Re: Date verification in HTML pages

> Is there a credible way of verifying this date or if not could it be
> enforced by the consortium in future HTML versions?

No and no.  

Modification date is actually part of the metadata and is obtained
from the filesystem for local HTML resources and from the HTTP protocol
(and theerfore not a W3C issue) for typical internet fetches.  However,
most pages fetched from commercial sites these days are actually created
on the fly and therefore don't have a modification date, as it would be
the same as the Date: header.

The reasons for creating on the fly tend to be commercial (e.g. defeating
caches to get better access statistics (often self delusion) or changing
and customising advertising on each access) rather than related to the
information payload that the user really wants.  Another factor is that a
convention has developed of not just sending the actual resource required
but also sending navigation and branding information, rather than simply
linking to it.

Many of these could be addressed by more sophisticated use of caching
control parameters and by having server side include and more general
CGI processing synthesize a Last-Modified-Date based on the real content,
but there is very little commercial incentive for webmasters to learn
how to do this.  Any attempt by standards organisations to make this
mandatory will simply be ignored.

For most webmasters, the prime directive is to break most of HTTP 1.1
by frustrating any attempt to cache, so they really have no incentive
to provide correct modification date metadata.
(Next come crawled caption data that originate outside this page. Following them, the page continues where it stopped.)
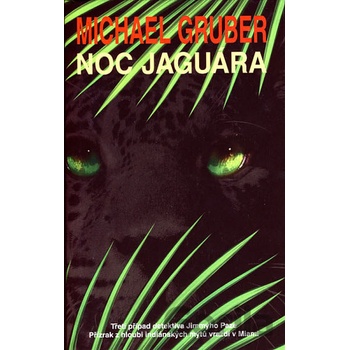 Noc jaguára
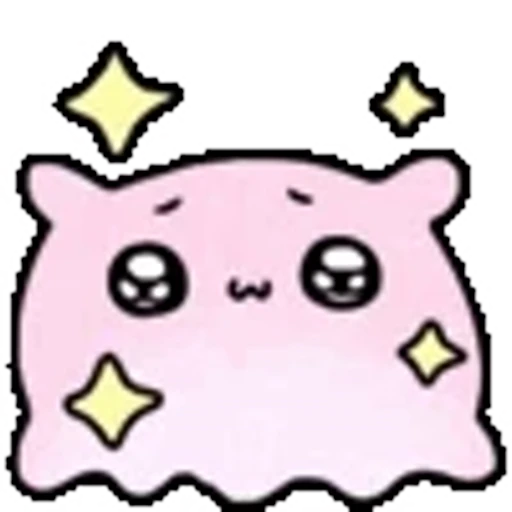 🥺 Эмодзи «Mendako is kind of loose» для Telegram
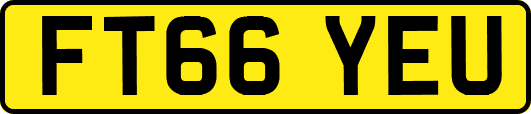 FT66YEU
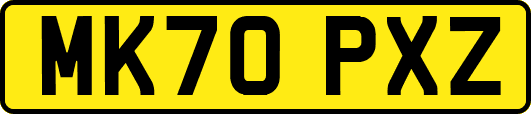 MK70PXZ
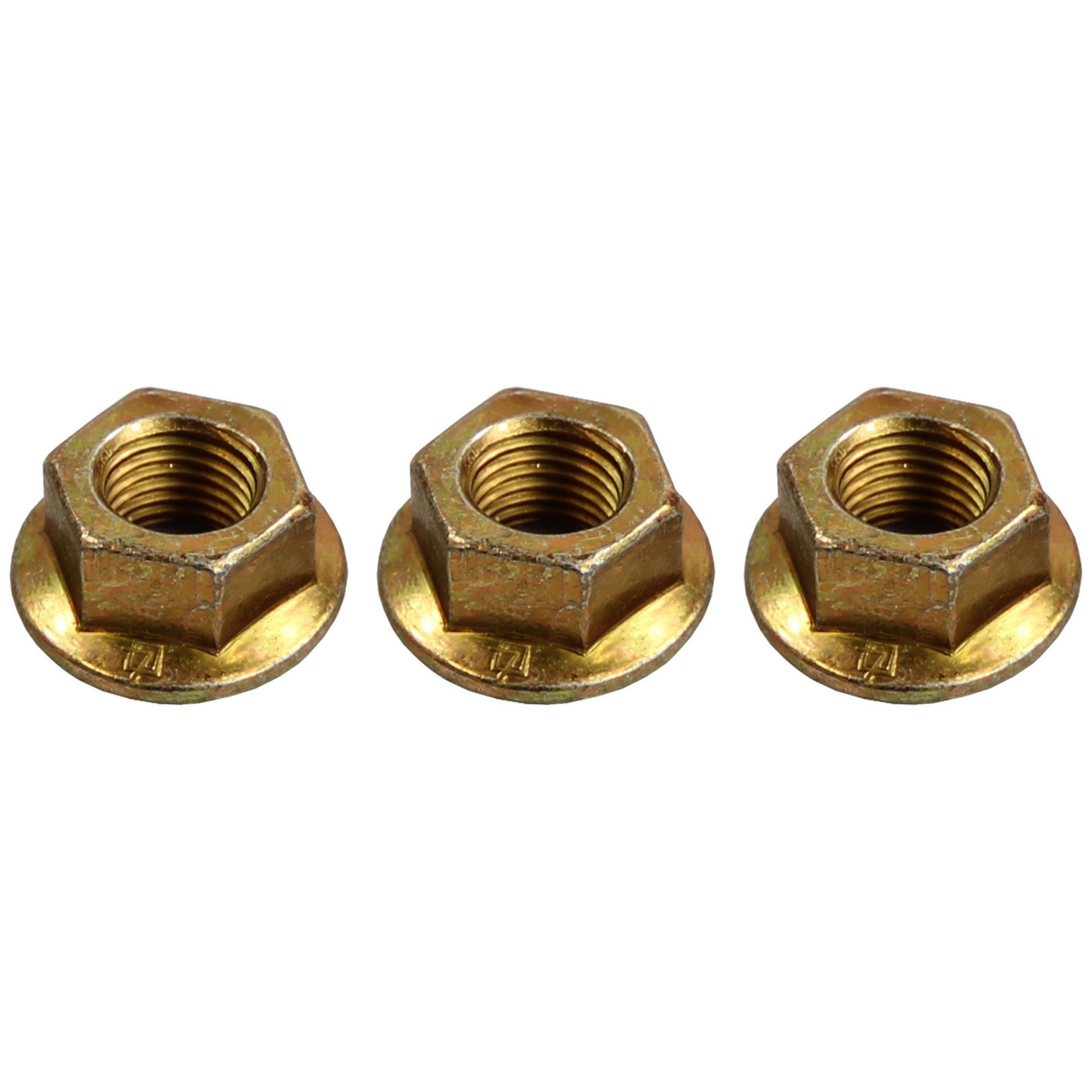 Suspension Shock Absorber Mounting Kit | MONROE P01101 — image 2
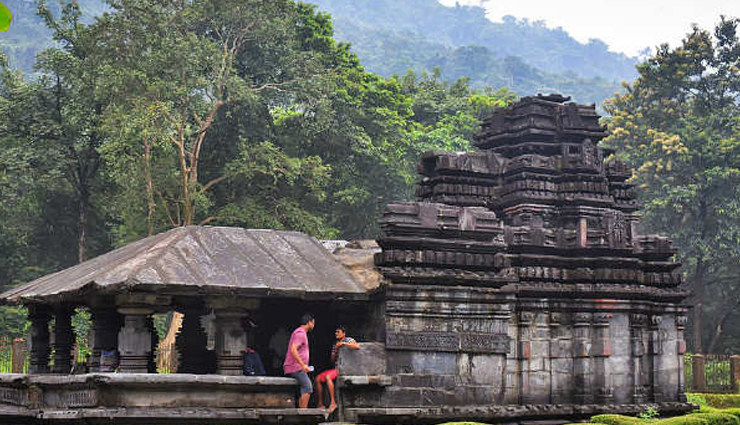 lord shiva temples,temples in india,lord shiva temples in india,india,mahadev temple,panaji,bade mahadev,pachmarhi,kusheshwar mahadev,dwarka,bhavnath mahadev,junagadh,neelkanth mahadev,rishikesh,mahadev nandeshvara mahadev,mathura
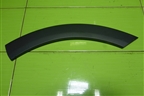 Накладка двери задней левой (на арку) (7185061CRV0000) для GAC GS3 с 2024-2025г (ГС3)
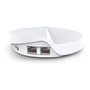 TP-Link Deco M5, 3-Pack, Sistema WiFi Mesh, 1300 Mbps, Blanco, WLAN Access Point, AC1300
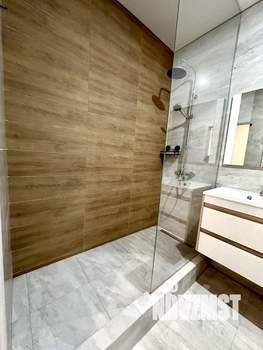 1-к квартира, на длительный срок, 40м2, 10/25 этаж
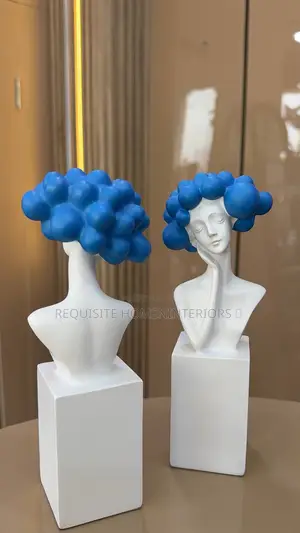 Console Decor Accessories (1pcs)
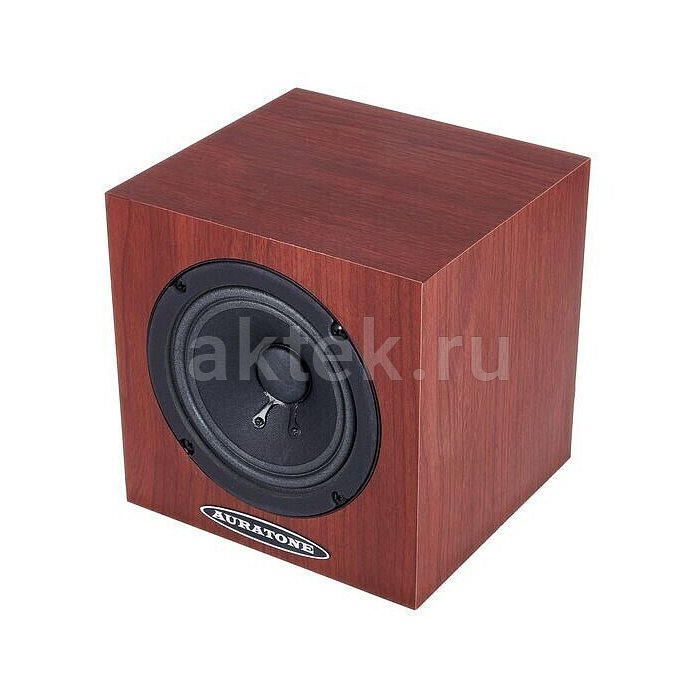 Студийный монитор Auratone 5C Active Wood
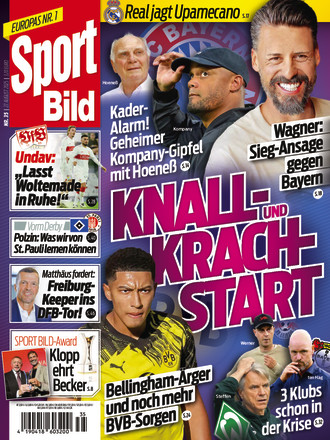 SPORT BILD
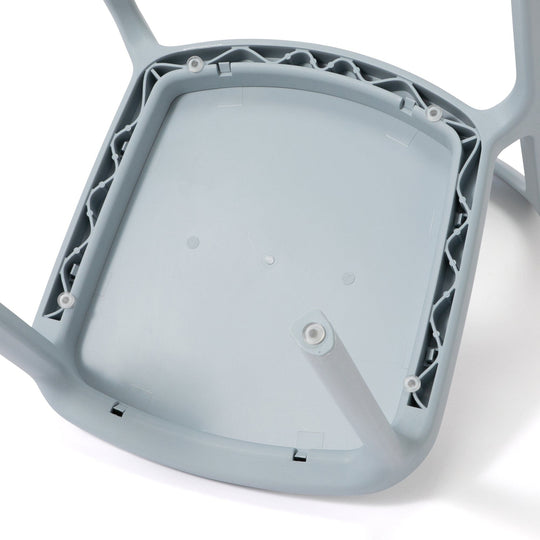 Corni Chair Light Blue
Although this is really an IETF issue, not a W3C one, one could try
to remove the tight coupling with caching by introducing a primary 
content modification date that is separate from the overall page
modification date.  However, especially as, for the supplier, the
primary content is often the advertising, this is unlikely to be
used except by people who are already providing useful modification
date information.

One could also define a metadata profile for including this information
in meta elements, but with the same social engineering problems.

Other reasons for losing modification dates are reloading pages onto
the server when a site is rebuilt and, in at least one case which
had no reason to defeat caching, because the content provider maintained
the site offine and re-FTPed it to the server every week to make updates.

Received on Wednesday, 12 October 2005 06:54:52 UTC